The open and free environment with which the Internet was invented occurred outside the corporate world. It's design was made before most software corporations like Microsoft came into existance. The closed, proprietary software eminating from corporations have never been a requirement for quality software. In fact, many argue they are a hindrance to the advancement of technology. Corporations aren't a need in the world of computer software.
The Present
While free and [open source] software has existed longer than most software corporations, it is only now reaching mainstream recognition. Corporations are themselves now finding the value in the open source software development model.
A clear distinction must be made between the two kinds of corporations important to this discussion. There are companies that use software and possibly write some for their own purposes and these must be considered apart from companies whose purpose is the sale of software. In an open source world the sale of software as a property is taken out of the market. What we find instead of companies going to software sellers is companies hiring or outsourcing software developers to meet their needs, hiring the services of an open source software company, or relying purely on the open source community, which only the smaller and most technically adept companies can do. Most large companies already employ software developers or outsource. Many are also now contracting the services of open source software companies. The need to go to a software vendor is quickly fading.
European and Asian corporations and governments are very reluctant to rely heavily on one U.S. company for all of their software needs. Governments are finding that by switching to free and open source software they can reduce their dependance on a foreign company while helping strengthen domestic businesses. Many European and Asian municipalities, national governments, and companies are in the process of switching to open source. Some have created legislation mandating its use. Other governments specifically vote against the use of Microsoft software. Even the president of India recommended to his nation to focus on open source and not rely on Microsoft.
The Future
Corporations and governments are now on a mass scale seeing the value in open source which has existed for universities and hundreds of thousands of individuals for years. With lower cost, ability to customize, and robust support services it's almost impossible to ignore. Software companies such as Microsoft will need to supply value-added services to their software as their software's additional cost will not provide features better than those in open source software. As a service company Microsoft will face far tougher competition than they do as a software seller.
As people are introduced to open source software by their employers and universities it will become much more common to find it on home computers. Innovative companies will provide quality open source software installed on the hardware they sell. Those who are less proficient on computers will become comfortable using it at work and will be less inclined to purposefully choose Microsoft software.
With the majority of software being open source software, developers can still be paid for contributing to their art. It's often argued that programmers can not make money if the programs they make aren't sold for profit. The simplest argument against this can be made by looking at the primary source of employment. Most professional software developers in the 1990s and 00s do not work for software vendors, but for companies in other industries where custom software is needed, such as financial services and electronics. Companies requiring software will always hire software developers to create the software they require which isn't available in an open market. For as long as software is needed, programmers will have jobs.

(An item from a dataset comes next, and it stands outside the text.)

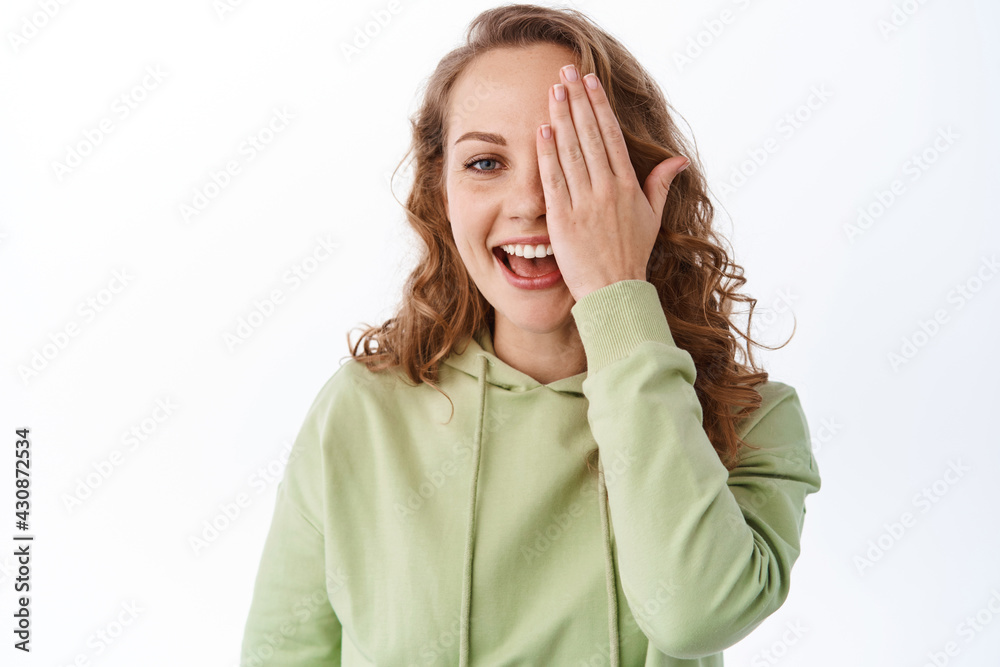 Happy attractive woman cover half of face with hand and smile, showing before after effect, hiding eye behind palm, standing over white background Happy attractive woman cover half of face with hand and smile, showing before after effect, hiding eye behind palm, standing over white background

Proprietary software manufacturers are not a requirement for quality software. Capitalism will cause their demise as the competition by open source software provides higher quality at lower cost. The Microsoft of today is very different from the Microsoft of tomorrow. The methods of their success to the present will not be valuable in the future to software companies. They're already spreading themselves across multiple fronts and may one day suffer the same fate as the ancient Roman empire. Microsoft's overly aggressive tactics are enabling open source software to become popular quickly as users seek alternatives. Competing for services will be extremely difficut when competition can come from small and large groups all over the world. With a poor reputation, unrealistic and unrelenting ambitions, and the difficulty they will have in becoming a pure valuable services company, their success will drastically decline in the near future.
What do others think?
Microsoft is out of touch with customers, dismisses industry trends, and ignores small ideas that later turn into big innovations. Am I the only one who believes Microsoft is now like the old IBM?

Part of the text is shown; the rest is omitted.